“Le quindici battute iniziali. Il segreto musicale della Cumparsita è tutto lì: nella melodia. Stravinsky diceva che la melodia è quella componente che non si può imparare in alcun conservatorio. L’opera di Matos Rodríguez è unica. Piace perché è semplice. Anche nella musica la cosa più difficile è essere facili”.
Parla Héctor Ulises Passarella, musicista e compositore uruguaiano che da tanti anni ha scelto l’Italia, la patria dei bisnonni, come terra della sua vita e arte. L’arte del tango, che lui insegna a suonare a colpi di bandoneón, il tipico strumento col quale fa il giro del mondo per concerti. Con un primato: ha fatto suonare ben otto “bandeononisti” insieme, cominciando dal figlio Roberto, italiano, che segue le orme del padre. “La Cumparsita -riprende Passarella- può essere divista in tre parti. La prima è quella accattivante, specie per l’epoca. Una melodia che, come “Libertango” in tempi più recenti, è diventata universale per il messaggio emotivo che solletica. Già la seconda parte della Cumparsita potrebbe non essere tutta farina del sacco di Matos Rodríguez. Quanto alla terza si sente la mano di Roberto Firpo, grande pianista di tango. Con un frammento di Verdi”.
Ma lei la suona spesso nei suoi concerti?
“Da Seul alla Germania, ma anche in ogni angolo d’Italia, La Cumparsita me la riservo sempre come “bis”. Un buon tango ha bisogno di tre cose: l’intuito melodico, l’interpretazione e l’arrangiamento.

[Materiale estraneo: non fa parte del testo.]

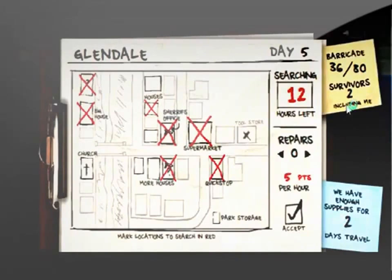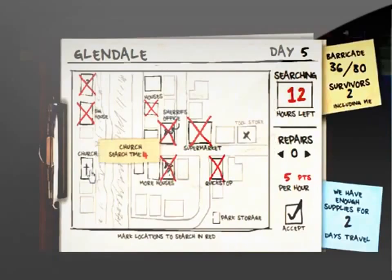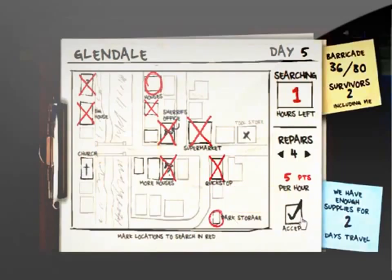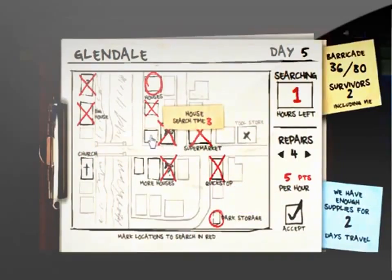You have to use a map to decide where to search and the different places take a different amount of time. Also, when you find a survivor, you actually have to give them a weapon and pick where they stand.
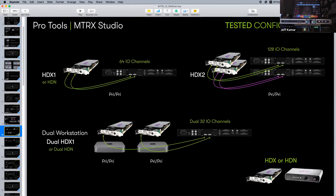Another option is a Bricasti or PCM96 reverb — normally connected via AES/EBU. With an AltaVio you can convert AES/EBU to Dante, making that reverb a shared resource on the network. If another session needs to use the PCM96, they can just patch it in Dante Controller as long as they're on the same network — great workflow for shared hardware resources.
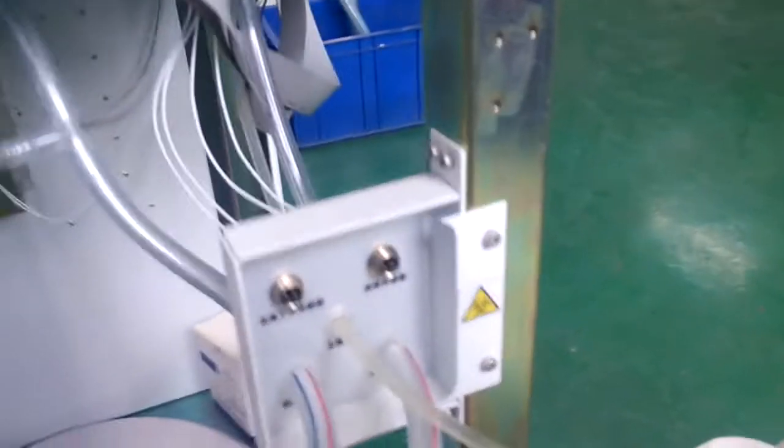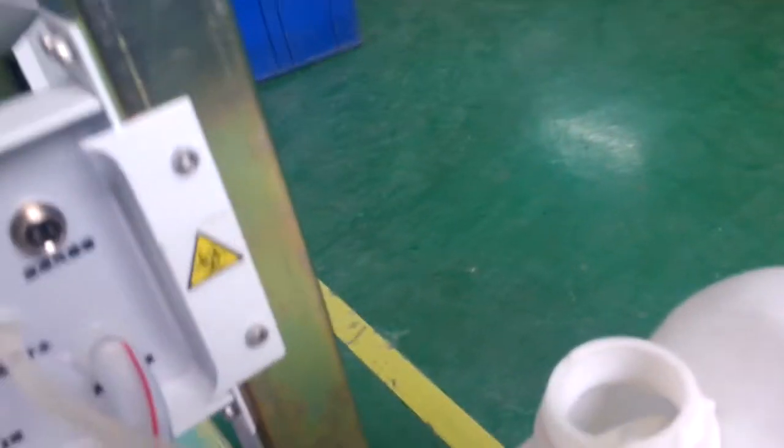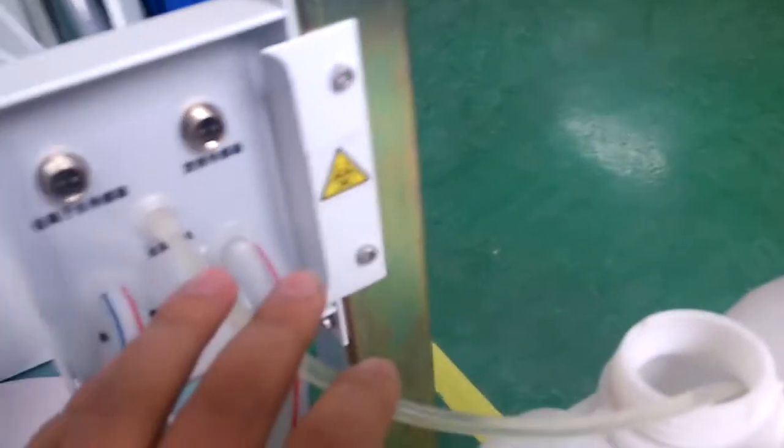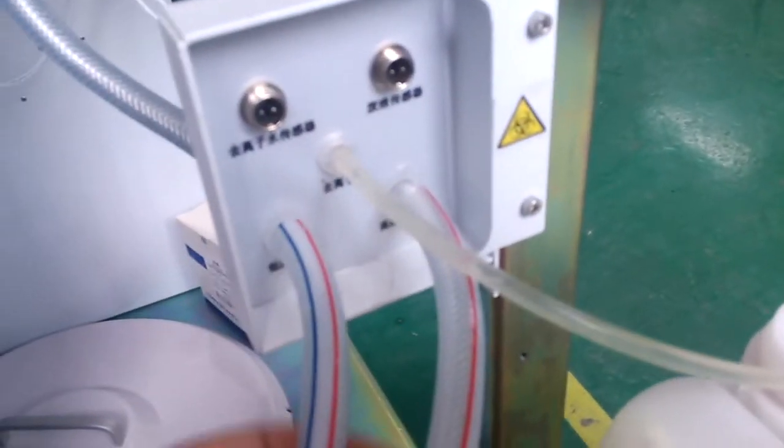In the installation, we should find the water connection. Over here, you can find these tubes in the accessory box.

Per questo il lavoro di Matos Rodríguez con il prezioso apporto di Firpo colpisce l’anima di chi ascolta”.
Quanto c’è di italiano nel tango “rioplatense”, cioè argentino e uruguaiano?
“Moltissimo. Da Piazzolla a Manzi, a Troilo c’è una tradizione di oriundi che furono valenti musicisti, autori, compositori (io stesso fui allievo dell’italiano Guido Santorsola radicato in Uruguay). Il tango non è “musica triste che si balla”. E’ musica amara, ma dignitosa, perché riflette la storia degli emigranti italiani e dei loro discendenti in Sudamerica. Il tango è dignità e malinconia. Come diceva un compositore americano “è la musica popolare più colta al mondo”.